Figurita

Es un figurita que reluce junto a la computadora, en el escritorio. Aunque no lo parece a simple vista, ha recorrido muchos años, pero ha sido bien conservada. Aún recuerda sus primeros años con exactitud. 
Como es evidente, muchas veces no tiene nada en qué pensar, es entonces que se pone a recordar, siempre refrescando su memoria. Pero no te confundas, la memoria de un adorno no está en su mente, si tiene alguna. Por el contrario, está en todo su ser. Recorre cada milímetro de su porcelana. Recuerda cada toque que alguna vez sintió, cada escena que alguna vez vio, cada aroma que alguna vez olió y el significado emocional que conllevan esos sentimientos. 
Recuerda la vez que fue creada. El aroma de los materiales y el ambiente sereno que se respiraba en aquel taller. Recuerda las manos rasposas que reflejaban el arduo trabajo de su creador. Fue increíble llegar a la vida. Cada parte de su ser había sido pensada, una figurita de un patito dorado muy oscuro. 
Recuerda la primera vez que le deslumbró la luz que daba directo a la vitrina donde posaba. Veía a transeúntes pasar frente a ella, muchos ni la notaban pero había quienes se detenían con alegría a observarla. La veían y sonreían. 
Un buen día llegó un muchacho. Esta vez, el patito vio la sonrisa más grande y sincera que jamás había visto. El patito lo supo en aquel instante, debía estar con él. El patito fue desempolvado de la vitrina, vio nuevos horizontes y llegó a la casa del muchacho. Con entusiasmo lo veía tocar el piano todas las mañanas, antes de que se fuera a la escuela. Al muchacho le encantaba tocar el piano y al patito le encantaba oír, se sabía de memoria todas las armonías.
Cada vez se empolvaba más en el piano de la sala, no lo hacía sentir bien, le recordaba a la vitrina. La música del muchacho era lo único que lo calmaba, la música que un día se detuvo repentinamente por el sonido de un timbre. El timbre sonaba muy seguido, pero ahora era diferente, ahora le importaba al muchacho. Sus armonías habían sido muy nerviosas esa tarde y se le veía ansioso. 
El muchacho abrió la puerta y dejó pasar a una muchacha. “Por favor, toma asiento.” Le dijo el muchacho a la visita. Poco a poco, su diálogo se tornó en un monólogo, no dejaba hablar a la muchacha. Estaba tan nervioso el pobre que el patito sintió lástima de él. “Bien, escucha.” Dijo el muchacho y se sentó frente al piano. Se irguió, levantó los brazos, acarició las teclas y empezó a tocar. 
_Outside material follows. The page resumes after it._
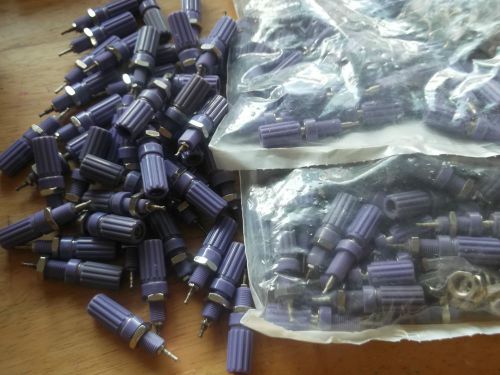 111-0112-001 JOHNSON QTY 24  BINDING POST PURPLE 15A #4-40 STUD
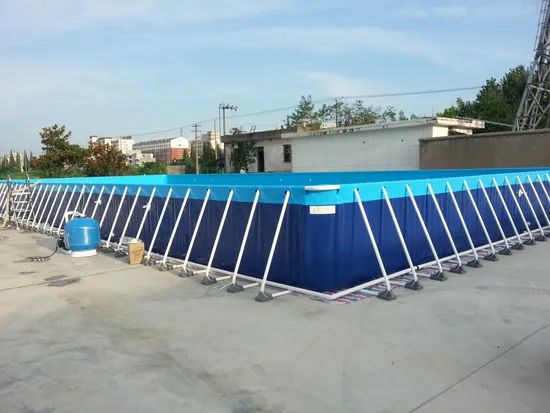 PVC Above Ground Inflatable Swimming Pool Size Big MOQ 1set Color Blue Material Pvc Origin China Trademark YJTC HS Code - Image 2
Una sonrisa en el rostro de la muchacha se empezó a dibujar, le gustaba lo que oía. Empezó a mover el pie, luego los brazos y de repente ya estaba caminando armoniosamente hacia el piano. Se detuvo y vio al patito. Era la primera vez que alguien le sonreía en mucho tiempo. La muchacha lo tomó, lo desempolvó y rió. Empezó a danzar con el patito en la mano. 
Sin darse cuenta, el patito sintió el frío del suelo y piezas separarse de sí mismo. La armonía se detuvo. 
“Oh, no te preocupes. Es una figurita que compré hace mucho, ni siquiera la recordaba.” Le dijo el muchacho a la muchacha. 
“No, no, perdóname. Era muy bonita. Se me zafó y…”
“No te preocupes, en serio. Además sólo fue la base.” 
Ambos sonrieron y el muchacho dejó al patito en un cuarto. Las visitas de la muchacha se volvieron más recurrentes, el patito lo supo pues podía escuchar las armonías y los pies de la muchacha. 
El patito fue arreglado. Ahora no tenía base, pero se veía mejor que nunca, con un hueco debajo. El muchacho, al terminar de arreglarlo, lo dejó en una mesa y lo observó. No se tambaleaba, estaba listo. Fue limpiado y puesto nuevamente en el piano.
”¡Lo arreglaste!” Dijo la muchacha apenas llegando a la sala. 
“Puedes quedártelo. Lo arreglé para ti.” 

Ambos se sonrieron y a partir de ese día, ahora el patito se mantiene desempolvado junto a la computadora en el escritorio de la muchacha. Recuerda con nitidez y felicidad todos esos momentos, desde las manos rasposas de su creador, pasando por la deslumbrante luz de la vitrina, por el polvo del piano, para terminar reluciendo en el escritorio junto a la computadora, con una sonrisa diaria de su dueña y siempre desempolvado.